-- Your assignment --
Word for word, restate the lines of the listing below from the line with "В продаже 4" through the line with "Disney Christmas 3 Piece Set", and do not include the pictures.

::::

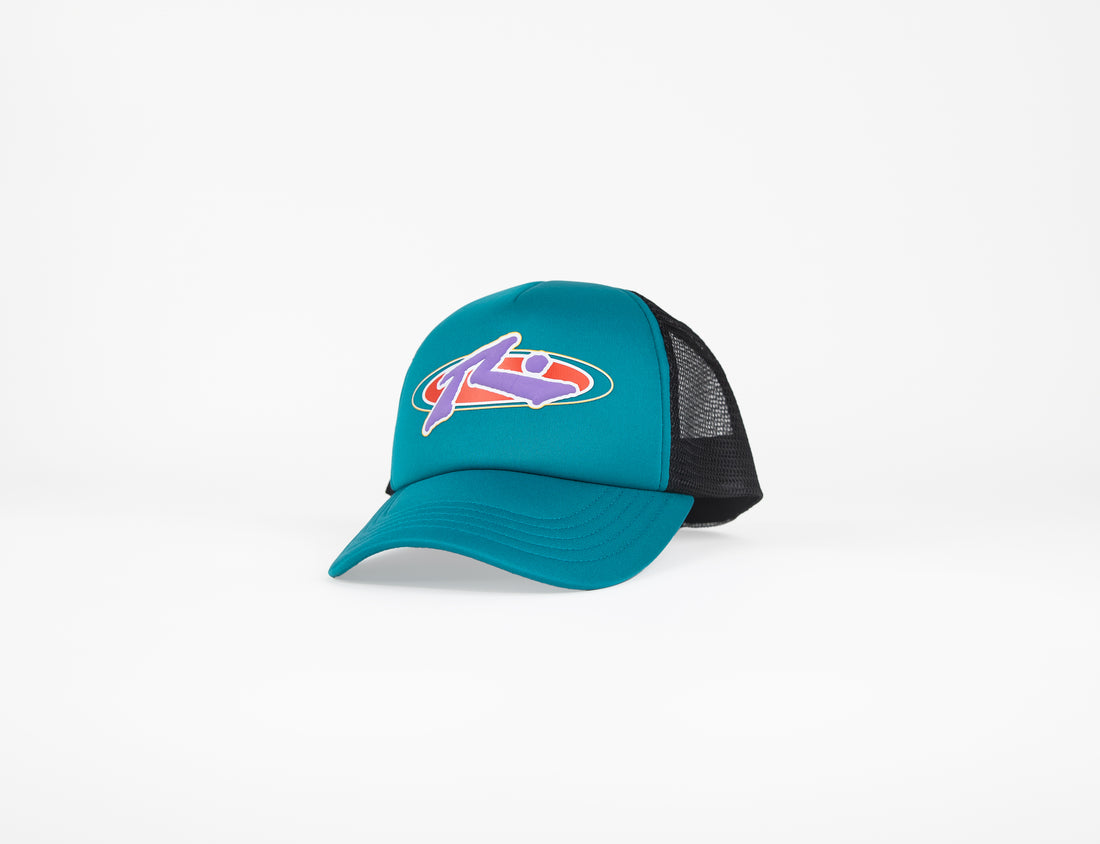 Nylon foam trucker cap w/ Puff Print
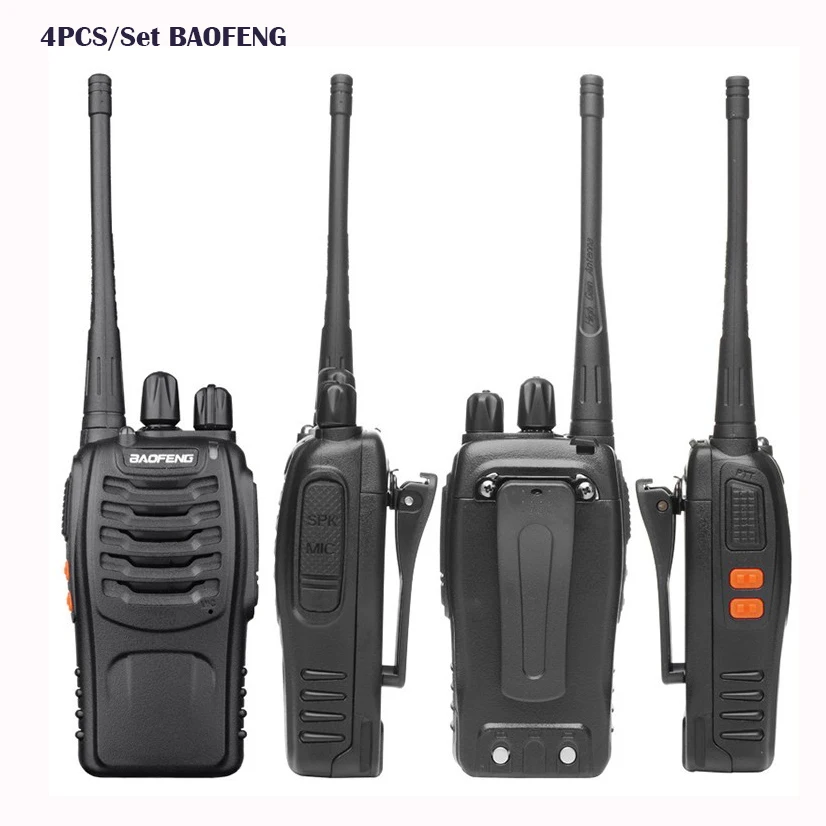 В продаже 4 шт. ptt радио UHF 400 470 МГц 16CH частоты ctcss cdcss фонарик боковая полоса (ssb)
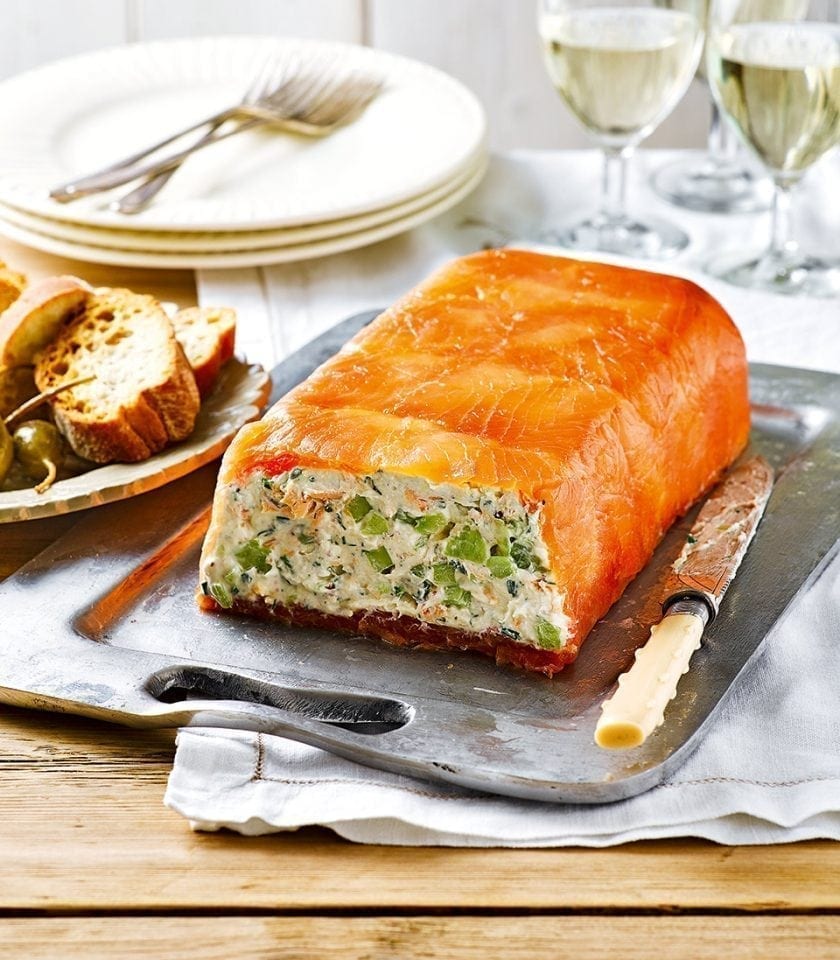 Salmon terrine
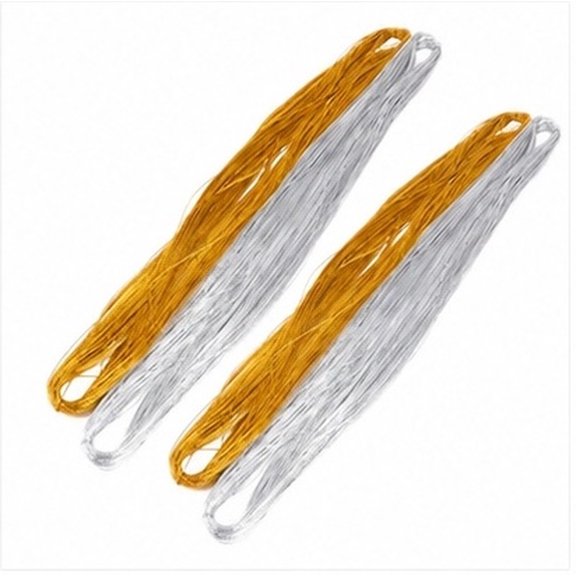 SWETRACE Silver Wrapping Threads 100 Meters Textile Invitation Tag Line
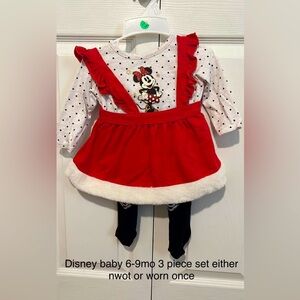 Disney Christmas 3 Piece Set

::::

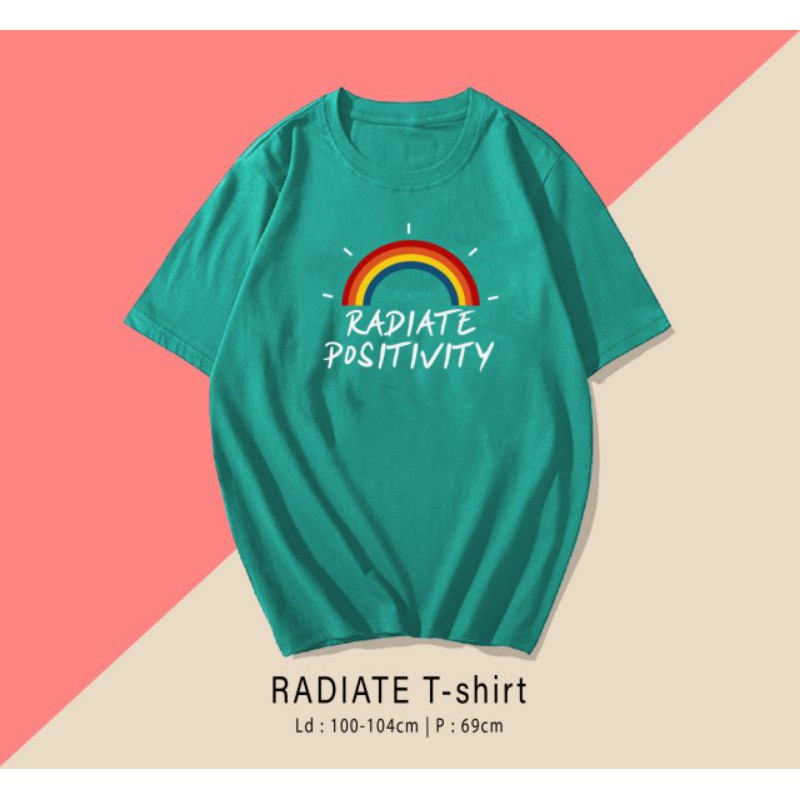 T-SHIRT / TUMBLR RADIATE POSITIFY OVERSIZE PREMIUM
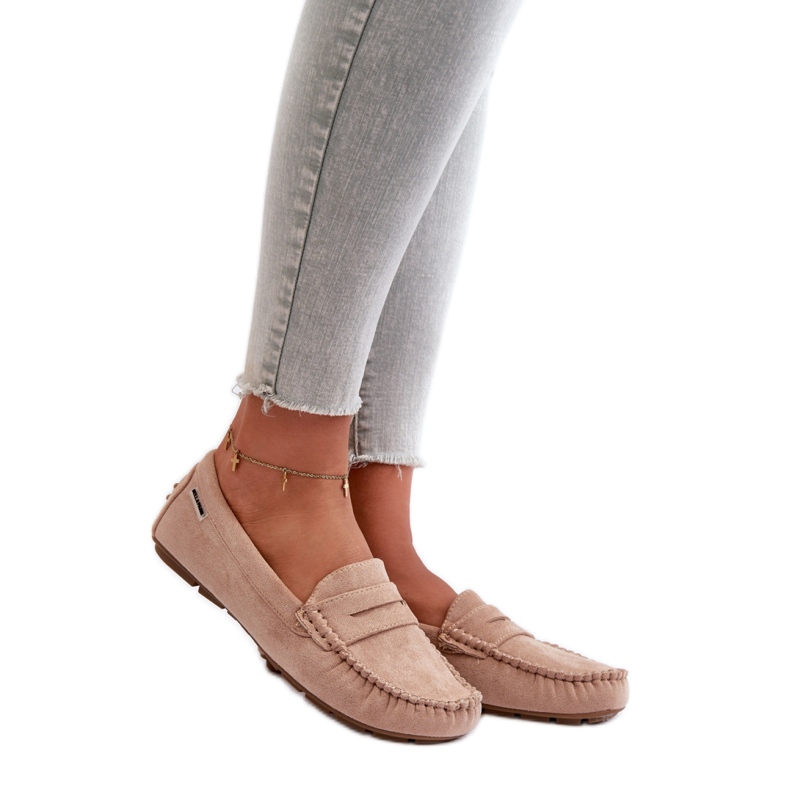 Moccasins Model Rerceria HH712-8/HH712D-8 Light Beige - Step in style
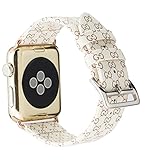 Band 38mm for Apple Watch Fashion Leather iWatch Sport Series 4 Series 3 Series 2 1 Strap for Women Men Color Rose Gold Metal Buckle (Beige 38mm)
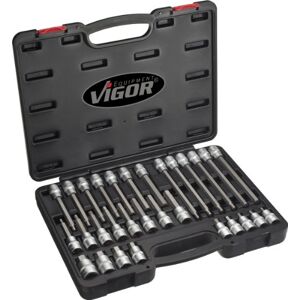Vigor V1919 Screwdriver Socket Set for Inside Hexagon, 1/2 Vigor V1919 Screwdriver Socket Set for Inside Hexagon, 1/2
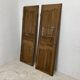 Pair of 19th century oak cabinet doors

::::

-- Exercise answer --
 В продаже 4 шт. ptt радио UHF 400 470 МГц 16CH частоты ctcss cdcss фонарик боковая полоса (ssb)
 Salmon terrine
 SWETRACE Silver Wrapping Threads 100 Meters Textile Invitation Tag Line
 Disney Christmas 3 Piece Set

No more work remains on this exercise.